For me, the new form of painting is all about the thrill and delight of the visual sensation, which means becoming intimately involved with the sensation of light. It is about painting directly from nature and expressing the rush of your visual, as opposed to ideational sensation on the canvas in such a way that the activity itself is the point, not the painting.

The young widely travelled painter who wields knowledge in interior painting and design has illustrated several books in Nigeria" " I also love to explore different methods, media, and technique, pastel, water colour, gouache, acrylic and tempera. I believe in colours, as it is what defines me. It is my way of life.

Relishing how he cut his teeth in the art trade, he participated in the Pat-Kairo Undergraduate Art Exhibition and Auchi polytechnic Exhibitions respectively in 2006 while he also took part in the second International Expo in October 2009,a platform where he displayed his works.

In 2009,he participated in "the blossom", an exhibition organised by the Society of Nigerian Artist (SNA) and Song of Gold exhibition themed "Nigeria vs Spain", an exhibition organised by Embassy of Spain. "Treasure of Africa" organised by Egyptian all in 2009 featured his works.

A few other exhibitions he has fully participated are Anatomy of our Independence in September 2010,Nigeria at 50 Enugu, Nigeria at 50 Patriot-portrait awards Lagos amongst others. Osaretin who lives and works in Abuja Osaretin has held over 20 solo exhibitions since 2006.

His work borrows heavily from the pictorial inheritance of Symbolism and Surrealism. There is always a poetic mystery and sense of menace. His works resonate with powerful symbolism, and his landscapes in particular are full of disquieting atmosphere, with objects bathed in half-light and shadows.

Speaking on how he achieves these laudable feats, "for the painting as a whole he selected a range of unifying midtones, especially the blues, greens, and earths, which had similar levels of saturation. By avoiding the most luminous of colours for his brights, which could break the unity, the midtones thus create a subdued flavor to the picture. Osaretin is quoted as saying "when you want to make a portrait, do it in dull weather, or as evening falls."
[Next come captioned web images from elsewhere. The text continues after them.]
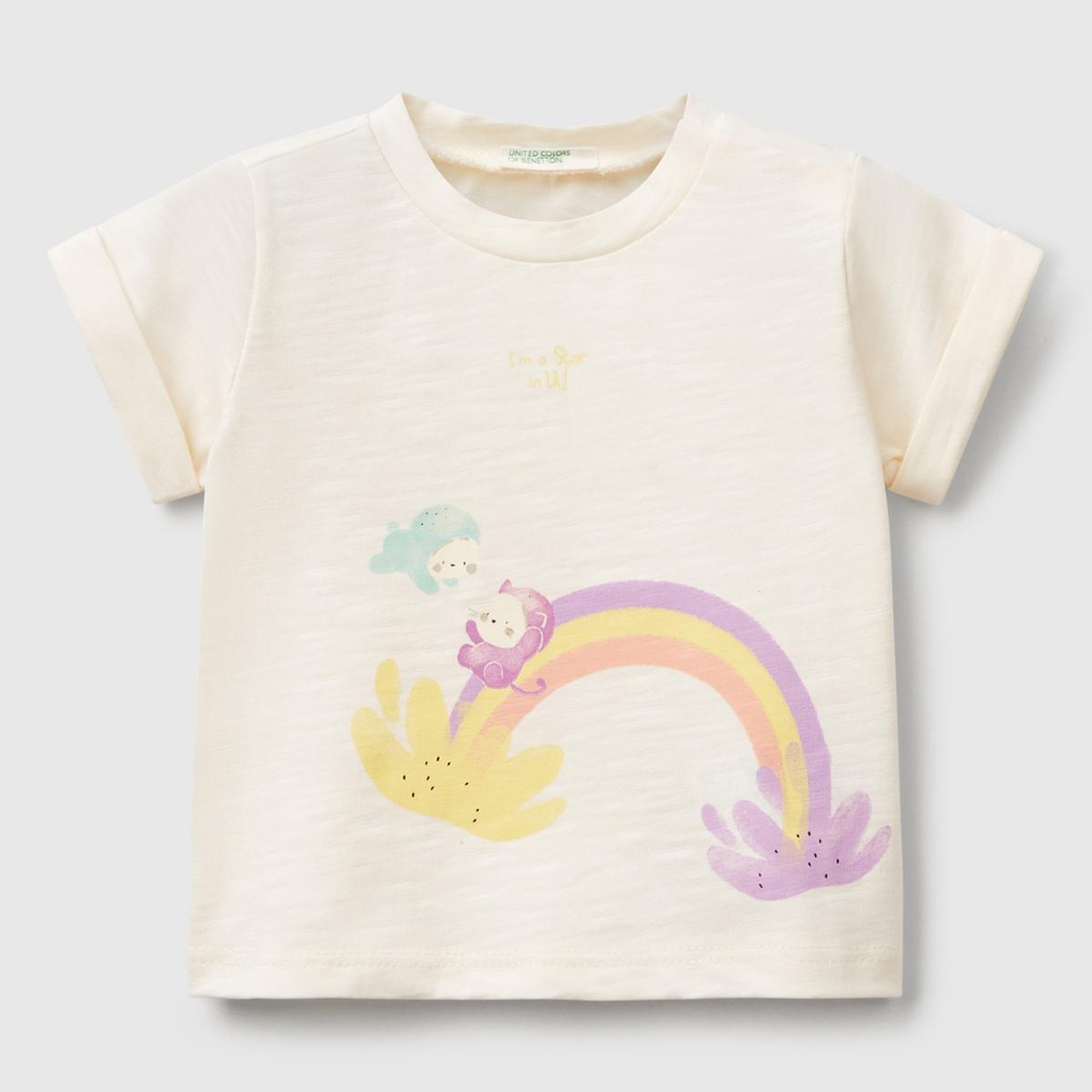 Bebek Ekru Önü Baskılı Omzu Çıtçıtlı Manşet Detaylı T-Shirt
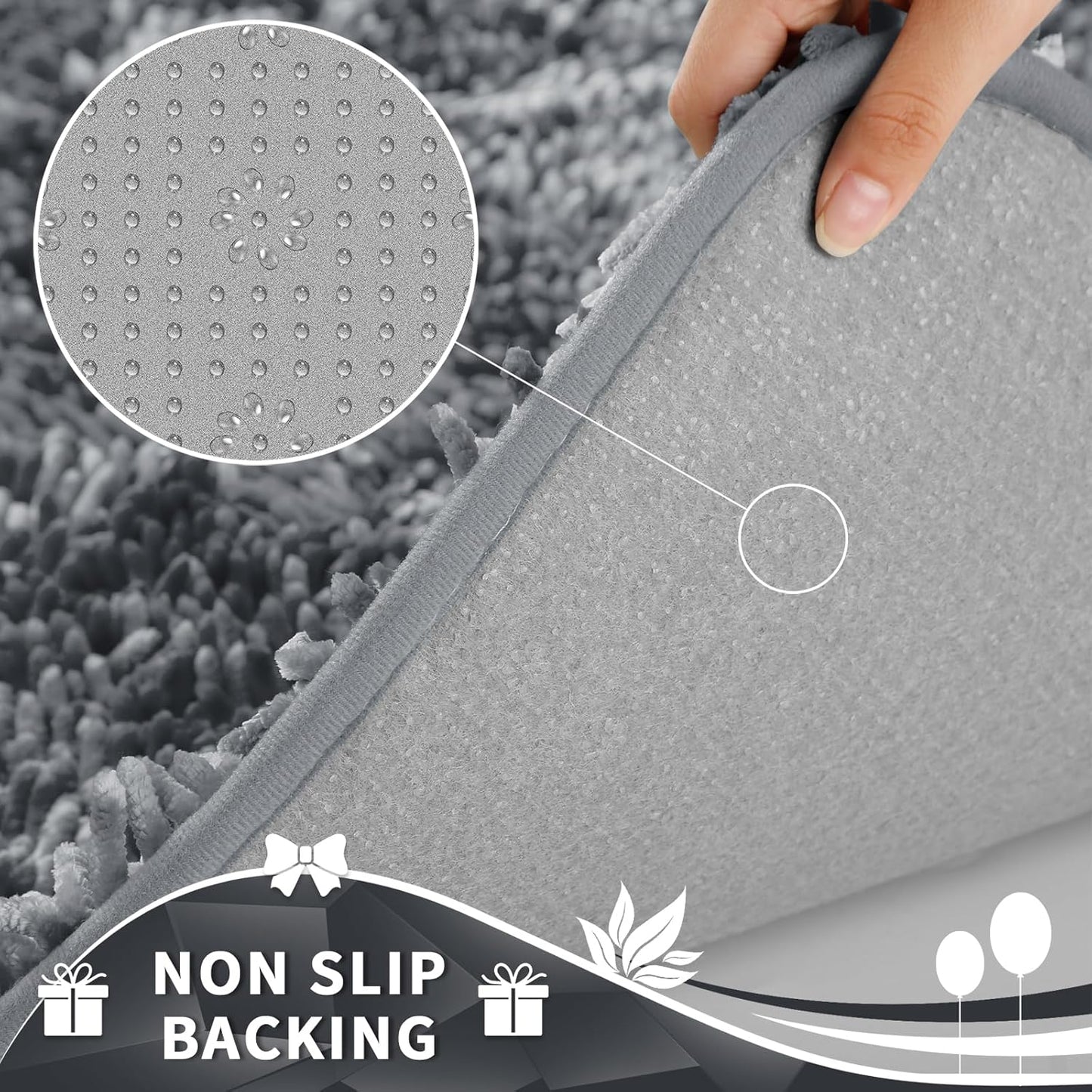 Yimobra Toilet Rugs U Shaped Washable, Extra Thick Soft Absorbent Chenille Contour Bathroom Rugs for Toilet 24x20 Inch, Quick Dry Non Slip Toilet Mat for Bath Floor, Silver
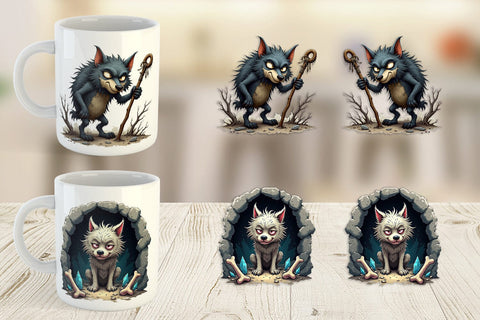 Mug Wrap Grumpy Werewolf Sublimation artnoy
Henry takes us one stage further though, away from the focal point of the picture, the midtones blend into shadow, colour dissipates into monochromatic darks, much the same as you get on a photographic image with a tight focal range. "I use the Sfumato technique refers to the subtle gradation of tone which is used to obscure sharp edges and create a synergy between lights and shadows in a painting." He speaks.